That said, if players were attending the same classes frequently anyway, they’d always have time scheduled to harvest the same resources and nurture the same creatures, only in environments unique to them. It isn’t as if the Room of Requirement is far easier to reach, either; players must traverse Hogwarts’ map in order to fast-travel to the Room of Requirement, just like they’d need to traverse the map to fast-travel to different classes.
With new tasks that professors assign, players already have incentives to attend classes or at least meet with professors in their classrooms. Moreover, while the Room itself is a beautiful workspace ripe with decorative opportunities, it can become overwhelming when not one but four Vivariums are subsequently and periodically added.

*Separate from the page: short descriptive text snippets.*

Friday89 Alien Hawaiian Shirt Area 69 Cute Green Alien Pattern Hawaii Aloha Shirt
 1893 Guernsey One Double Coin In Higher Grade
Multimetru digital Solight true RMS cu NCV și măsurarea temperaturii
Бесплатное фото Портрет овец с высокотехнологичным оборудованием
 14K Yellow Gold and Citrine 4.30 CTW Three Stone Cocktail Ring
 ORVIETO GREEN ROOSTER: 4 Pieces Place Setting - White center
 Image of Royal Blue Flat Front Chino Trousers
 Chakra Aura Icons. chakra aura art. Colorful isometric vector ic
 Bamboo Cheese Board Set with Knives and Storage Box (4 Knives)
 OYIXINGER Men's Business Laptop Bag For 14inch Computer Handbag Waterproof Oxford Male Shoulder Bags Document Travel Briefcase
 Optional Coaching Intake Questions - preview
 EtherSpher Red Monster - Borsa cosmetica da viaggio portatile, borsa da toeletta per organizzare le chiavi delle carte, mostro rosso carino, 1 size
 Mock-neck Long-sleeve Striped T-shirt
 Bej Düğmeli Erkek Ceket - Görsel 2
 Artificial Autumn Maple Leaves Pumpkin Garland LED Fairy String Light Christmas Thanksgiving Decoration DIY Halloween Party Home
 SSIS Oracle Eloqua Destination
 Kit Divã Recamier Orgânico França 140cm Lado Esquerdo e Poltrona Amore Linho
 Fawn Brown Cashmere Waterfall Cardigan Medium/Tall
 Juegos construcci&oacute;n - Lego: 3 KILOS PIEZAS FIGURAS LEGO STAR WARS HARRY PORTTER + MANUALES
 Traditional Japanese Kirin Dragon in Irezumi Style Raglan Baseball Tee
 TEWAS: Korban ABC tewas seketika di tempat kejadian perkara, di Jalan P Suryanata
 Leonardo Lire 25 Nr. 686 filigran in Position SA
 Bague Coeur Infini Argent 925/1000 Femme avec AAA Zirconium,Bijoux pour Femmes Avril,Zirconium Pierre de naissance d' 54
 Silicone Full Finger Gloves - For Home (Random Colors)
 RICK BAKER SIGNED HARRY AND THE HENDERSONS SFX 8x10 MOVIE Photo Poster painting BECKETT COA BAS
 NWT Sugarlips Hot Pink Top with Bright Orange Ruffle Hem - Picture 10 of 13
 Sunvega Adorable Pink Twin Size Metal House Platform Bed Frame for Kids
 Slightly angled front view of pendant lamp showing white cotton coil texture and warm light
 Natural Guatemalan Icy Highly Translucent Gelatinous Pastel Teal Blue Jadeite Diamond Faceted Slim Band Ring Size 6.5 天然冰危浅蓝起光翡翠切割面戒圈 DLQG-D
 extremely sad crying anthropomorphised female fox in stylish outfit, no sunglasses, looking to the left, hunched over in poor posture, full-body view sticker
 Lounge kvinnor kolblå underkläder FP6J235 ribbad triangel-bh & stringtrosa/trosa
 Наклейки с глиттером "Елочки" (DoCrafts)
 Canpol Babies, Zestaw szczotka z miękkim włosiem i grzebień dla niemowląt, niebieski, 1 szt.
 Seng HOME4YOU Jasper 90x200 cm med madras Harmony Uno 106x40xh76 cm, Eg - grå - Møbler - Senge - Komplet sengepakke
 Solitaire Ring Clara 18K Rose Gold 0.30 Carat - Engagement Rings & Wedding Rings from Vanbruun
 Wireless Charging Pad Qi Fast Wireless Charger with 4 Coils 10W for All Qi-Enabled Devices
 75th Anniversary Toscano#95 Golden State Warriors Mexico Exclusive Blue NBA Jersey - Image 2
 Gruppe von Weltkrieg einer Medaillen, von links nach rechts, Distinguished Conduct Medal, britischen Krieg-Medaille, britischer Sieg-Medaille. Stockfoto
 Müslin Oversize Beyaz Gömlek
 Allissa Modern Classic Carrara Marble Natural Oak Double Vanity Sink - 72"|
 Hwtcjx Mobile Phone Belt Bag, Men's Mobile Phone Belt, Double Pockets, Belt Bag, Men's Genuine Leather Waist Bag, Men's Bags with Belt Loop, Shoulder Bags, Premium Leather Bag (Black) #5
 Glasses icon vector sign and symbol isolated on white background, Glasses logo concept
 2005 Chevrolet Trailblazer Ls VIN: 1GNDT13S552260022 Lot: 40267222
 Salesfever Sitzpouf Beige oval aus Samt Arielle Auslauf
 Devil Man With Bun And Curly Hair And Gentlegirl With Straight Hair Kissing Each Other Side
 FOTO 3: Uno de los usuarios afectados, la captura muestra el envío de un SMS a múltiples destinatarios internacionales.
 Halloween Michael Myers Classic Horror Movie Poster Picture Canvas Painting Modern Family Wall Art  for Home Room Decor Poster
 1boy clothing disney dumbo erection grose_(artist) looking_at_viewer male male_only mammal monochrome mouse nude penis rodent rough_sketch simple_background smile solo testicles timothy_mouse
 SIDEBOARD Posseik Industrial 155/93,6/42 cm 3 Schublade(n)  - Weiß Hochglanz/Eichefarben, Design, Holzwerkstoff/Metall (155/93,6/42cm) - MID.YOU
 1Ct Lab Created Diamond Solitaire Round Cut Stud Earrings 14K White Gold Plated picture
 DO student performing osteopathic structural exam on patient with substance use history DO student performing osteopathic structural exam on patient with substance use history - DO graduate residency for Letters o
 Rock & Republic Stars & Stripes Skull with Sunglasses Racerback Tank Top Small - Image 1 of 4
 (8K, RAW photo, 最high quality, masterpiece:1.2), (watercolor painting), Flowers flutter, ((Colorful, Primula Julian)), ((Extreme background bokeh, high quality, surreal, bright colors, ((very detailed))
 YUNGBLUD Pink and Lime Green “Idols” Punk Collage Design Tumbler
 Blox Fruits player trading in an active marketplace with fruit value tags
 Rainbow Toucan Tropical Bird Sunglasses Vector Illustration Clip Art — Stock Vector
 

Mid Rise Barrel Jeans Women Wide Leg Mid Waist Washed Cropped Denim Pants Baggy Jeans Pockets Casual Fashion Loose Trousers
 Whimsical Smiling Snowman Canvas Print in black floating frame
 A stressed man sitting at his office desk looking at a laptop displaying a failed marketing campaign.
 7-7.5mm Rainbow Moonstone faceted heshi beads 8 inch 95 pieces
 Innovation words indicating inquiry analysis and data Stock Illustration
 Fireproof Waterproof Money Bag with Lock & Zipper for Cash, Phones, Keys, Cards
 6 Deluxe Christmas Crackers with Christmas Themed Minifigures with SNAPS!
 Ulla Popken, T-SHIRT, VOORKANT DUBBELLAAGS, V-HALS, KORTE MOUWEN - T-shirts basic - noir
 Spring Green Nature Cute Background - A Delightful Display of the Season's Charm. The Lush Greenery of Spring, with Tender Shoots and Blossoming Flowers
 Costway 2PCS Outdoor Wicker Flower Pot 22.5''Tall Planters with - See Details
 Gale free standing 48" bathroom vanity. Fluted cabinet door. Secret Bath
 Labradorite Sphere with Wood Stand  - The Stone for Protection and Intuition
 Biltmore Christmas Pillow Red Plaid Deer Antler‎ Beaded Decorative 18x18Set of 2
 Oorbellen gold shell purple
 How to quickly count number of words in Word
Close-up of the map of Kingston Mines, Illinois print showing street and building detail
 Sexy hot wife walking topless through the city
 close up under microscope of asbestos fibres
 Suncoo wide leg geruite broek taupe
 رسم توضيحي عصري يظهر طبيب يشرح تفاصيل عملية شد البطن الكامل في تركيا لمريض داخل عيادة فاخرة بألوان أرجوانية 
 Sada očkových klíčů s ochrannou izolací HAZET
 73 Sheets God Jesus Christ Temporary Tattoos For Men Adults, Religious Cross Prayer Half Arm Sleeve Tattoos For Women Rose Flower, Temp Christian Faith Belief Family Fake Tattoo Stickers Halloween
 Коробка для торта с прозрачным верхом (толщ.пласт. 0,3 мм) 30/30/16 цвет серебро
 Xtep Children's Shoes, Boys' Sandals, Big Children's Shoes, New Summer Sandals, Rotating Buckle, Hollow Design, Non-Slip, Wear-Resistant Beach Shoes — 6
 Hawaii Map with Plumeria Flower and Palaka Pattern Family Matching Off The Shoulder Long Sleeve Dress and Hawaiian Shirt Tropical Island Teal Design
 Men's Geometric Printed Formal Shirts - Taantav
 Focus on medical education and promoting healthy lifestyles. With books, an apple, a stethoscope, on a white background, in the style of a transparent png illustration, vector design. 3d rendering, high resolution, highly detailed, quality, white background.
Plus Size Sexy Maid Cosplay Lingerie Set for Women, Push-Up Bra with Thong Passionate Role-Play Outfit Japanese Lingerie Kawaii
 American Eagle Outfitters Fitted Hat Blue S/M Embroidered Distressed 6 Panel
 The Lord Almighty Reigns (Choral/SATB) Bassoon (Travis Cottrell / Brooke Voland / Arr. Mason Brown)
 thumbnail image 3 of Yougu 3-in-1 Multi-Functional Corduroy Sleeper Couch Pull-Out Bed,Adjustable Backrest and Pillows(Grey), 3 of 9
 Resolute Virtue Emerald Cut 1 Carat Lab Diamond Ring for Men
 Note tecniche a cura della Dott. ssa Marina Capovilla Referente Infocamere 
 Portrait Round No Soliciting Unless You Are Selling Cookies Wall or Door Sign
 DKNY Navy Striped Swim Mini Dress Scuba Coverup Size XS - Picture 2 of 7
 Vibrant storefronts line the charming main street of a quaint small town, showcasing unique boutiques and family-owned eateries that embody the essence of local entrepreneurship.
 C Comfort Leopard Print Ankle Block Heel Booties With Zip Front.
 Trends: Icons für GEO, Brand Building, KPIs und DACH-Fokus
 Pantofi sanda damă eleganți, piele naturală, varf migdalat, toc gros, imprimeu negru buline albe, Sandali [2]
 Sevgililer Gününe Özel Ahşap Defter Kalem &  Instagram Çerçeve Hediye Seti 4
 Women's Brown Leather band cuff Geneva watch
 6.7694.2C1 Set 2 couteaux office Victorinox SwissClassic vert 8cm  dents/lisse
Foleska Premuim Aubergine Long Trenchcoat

Hogwarts Legacy’s Room of Requirement and Vivariums are Fat to Be Trimmed
The main reason why the Room of Requirement and its Vivariums arguably shouldn’t be brought back for a sequel is because Hogwarts Legacy’s gear system is highly flawed and superfluous. Indeed, like in many open-world RPGs, players continuously discover new gear with stats or traits that immediately eclipse the stats or traits on gear they recently found and equipped, and therefore it is fairly redundant crafting upgrades or traits for any clothing item. Traits can be valuable late-game if players would like to cater to their preferred playstyle, but upgrades eventually do little to make any discernible difference in combat.
This makes manually sustaining three Vivariums and harvesting beast resources that much more tedious if players strive to achieve 100% completion on Field Guide challenges because they won’t often or ever have the satisfaction of that work actually affecting their gear or gameplay, especially since Legendary-rarity gear is all too easy to come by.
Of course, if Hogwarts Legacy’s sequel could remedy the original game’s gear system and improve upon it in a way that complements and justifies four individual Vivariums, an argument could be made for keeping the Room around, though it may still be difficult to explain narratively why the player has unfettered access to it once more. Nevertheless, a strong emphasis on classes and classmate or professor interaction throughout the whole game, rather than just the beginning, would be terrific and absconding from the Room of Requirement could restore and reinforce that focus.